● Provided data
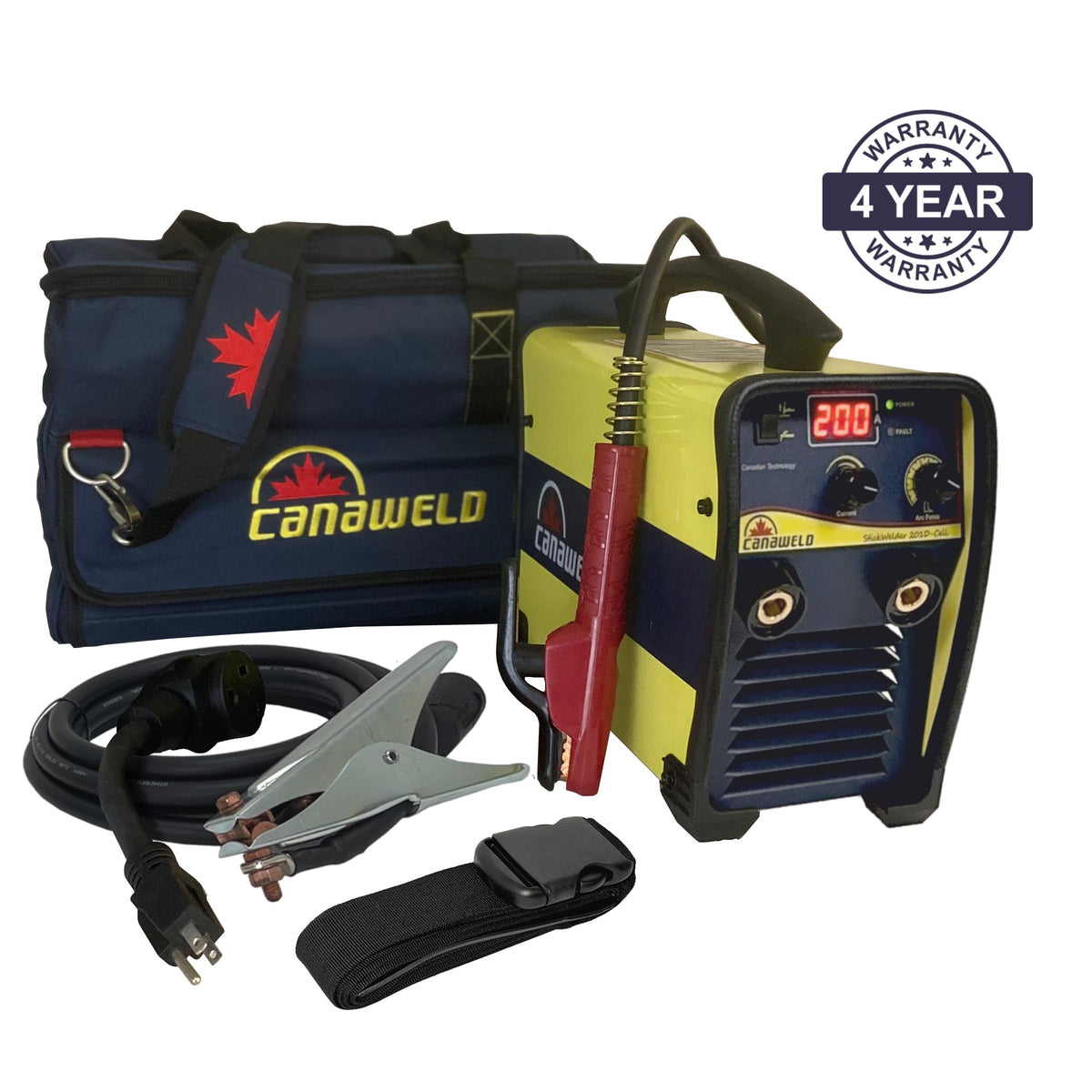 Canaweld Stick Welder 201 D-Cell Stick/TIG Welding Machine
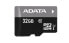 ADATA Premier microSDHC UHS-I U1 Class10 32GB - 32 GB - MicroSDHC - Class 10 - 30 MB/s - 10 MB/s - Black,Grey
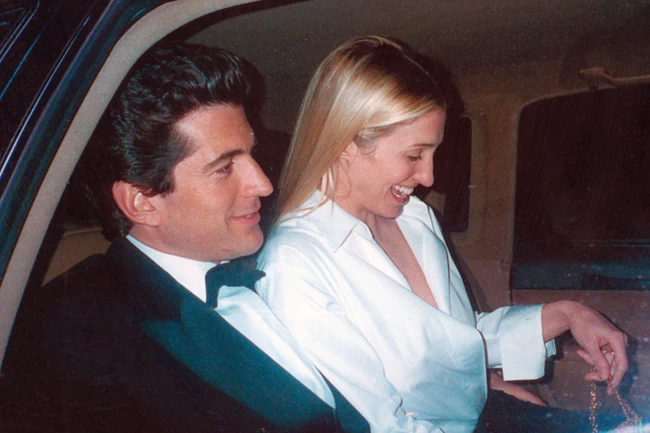 John Kennedy Carolyn Bessette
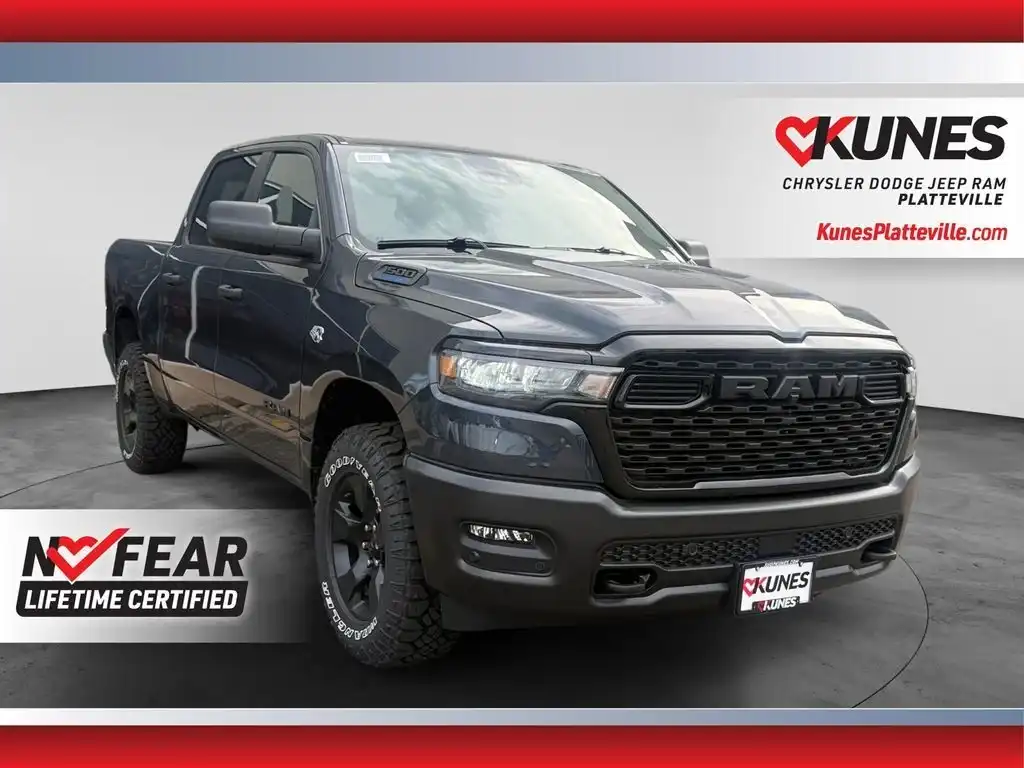 2026 RAM 1500 Warlock 4WD Crew Cab 5'7's photo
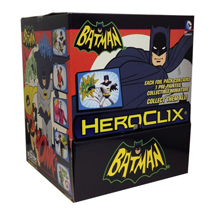 DC Heroclix: Batman Classic TV Series Gravity Feed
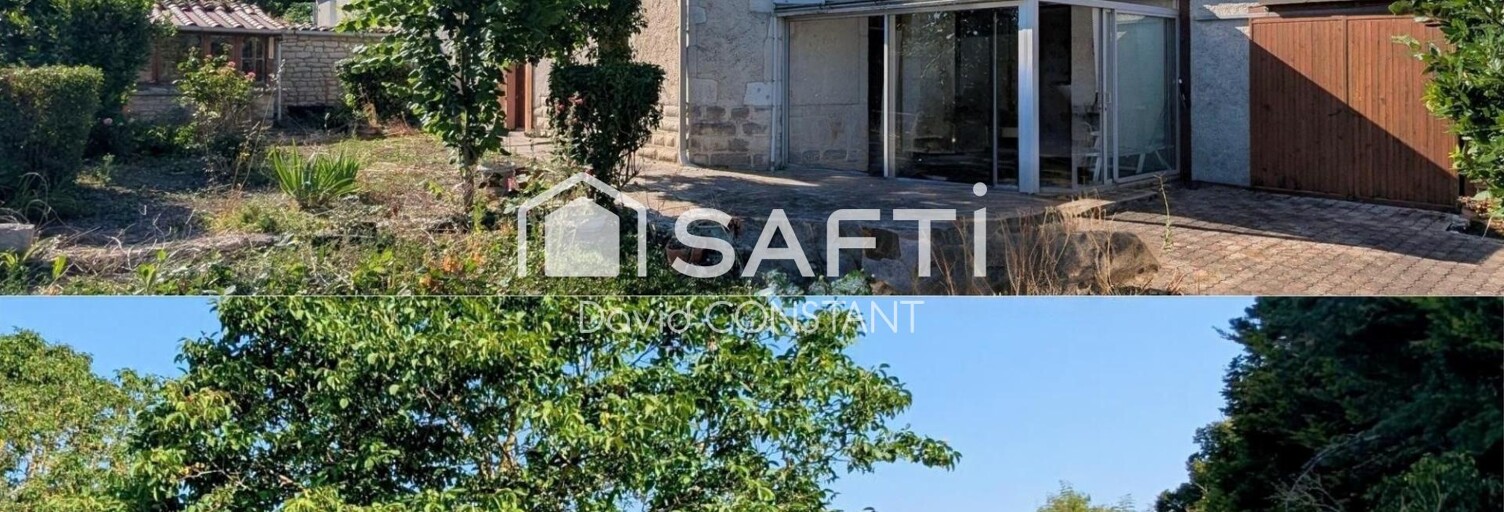 Maison 5 Pièces 190 m² à vendre à Mauzé-sur-le-Mignon (79210)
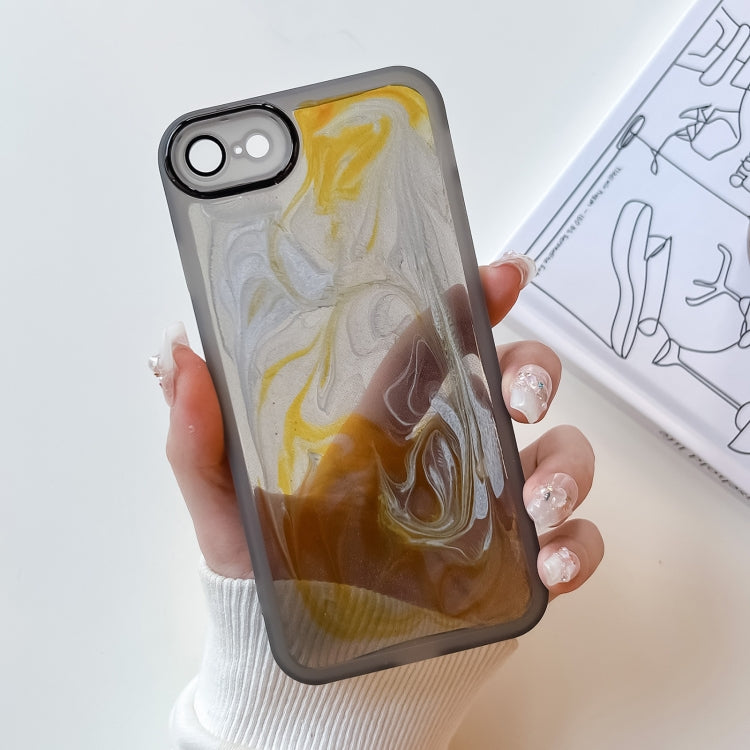 ภาพวาดสีน้ำมันเคสโทรศัพท์ TPU, For iPhone 12 Pro Max, For iPhone 11 Pro, For iPhone 11 Pro Max, For iPhone SE 2022/2020 / 8 / 7, For iPhone 8 Plus / 7 Plus, For iPhone X / XS, For iPhone XS Max, For iPhone XR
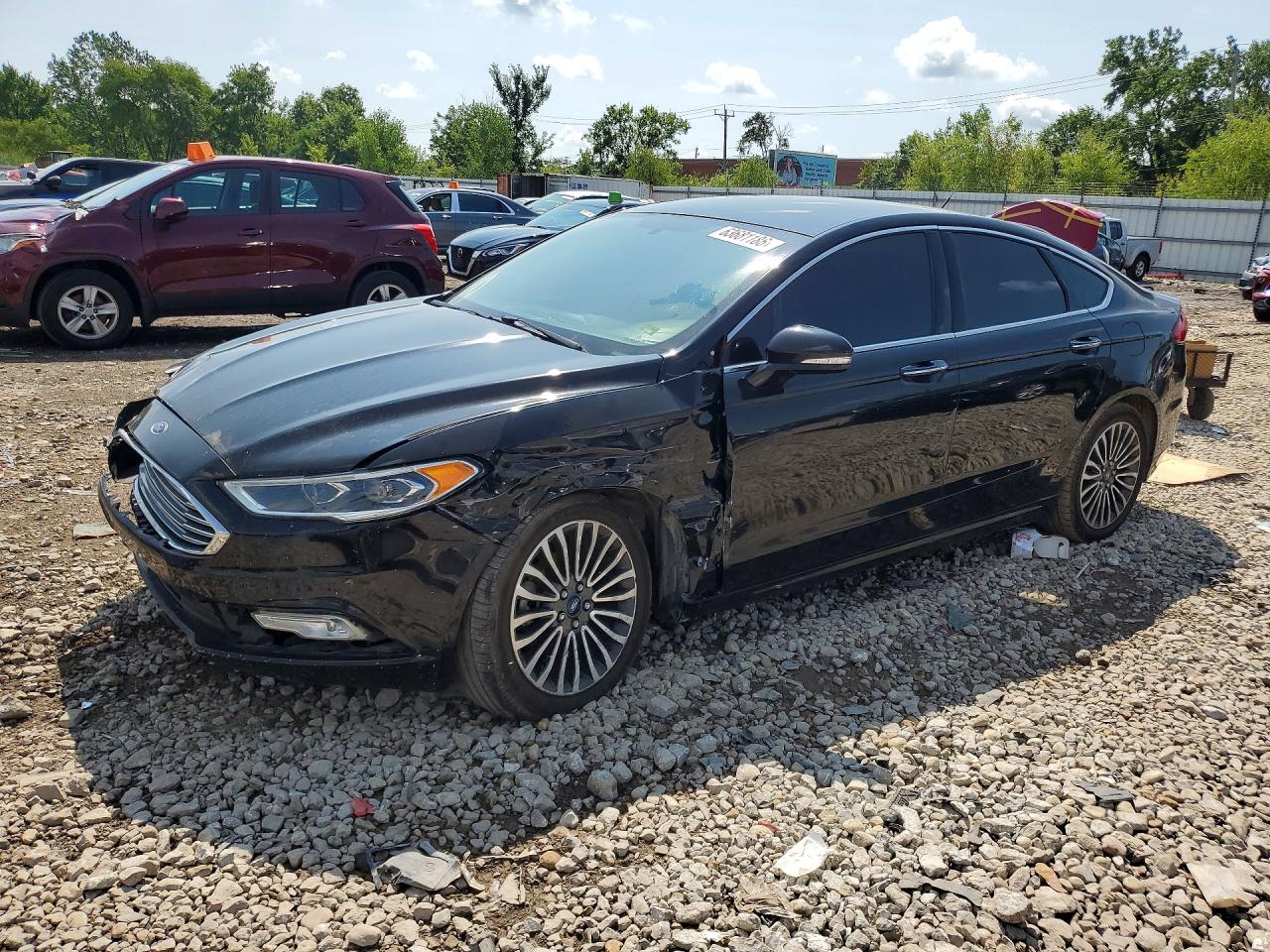 2017 FORD FUSION SE | 3FA6P0HD4HR405888 | UPCARS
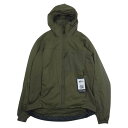 ARC'TERYX アークテリクス 21499-126082 LEAF ATOM HOODY LT GEN2 リーフ アトム フーディ ジャケット カーキ系 XS 【極上美品】 メンズ【古着】【中古】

● What is expected
Please reproduce verbatim the lines from the line with "2017 FORD FUSION" through the final line of the listing, inclusive of both ends. Omit all pictures.

● Problem solution
 2017 FORD FUSION SE | 3FA6P0HD4HR405888 | UPCARS
 ARC'TERYX アークテリクス 21499-126082 LEAF ATOM HOODY LT GEN2 リーフ アトム フーディ ジャケット カーキ系 XS 【極上美品】 メンズ【古着】【中古】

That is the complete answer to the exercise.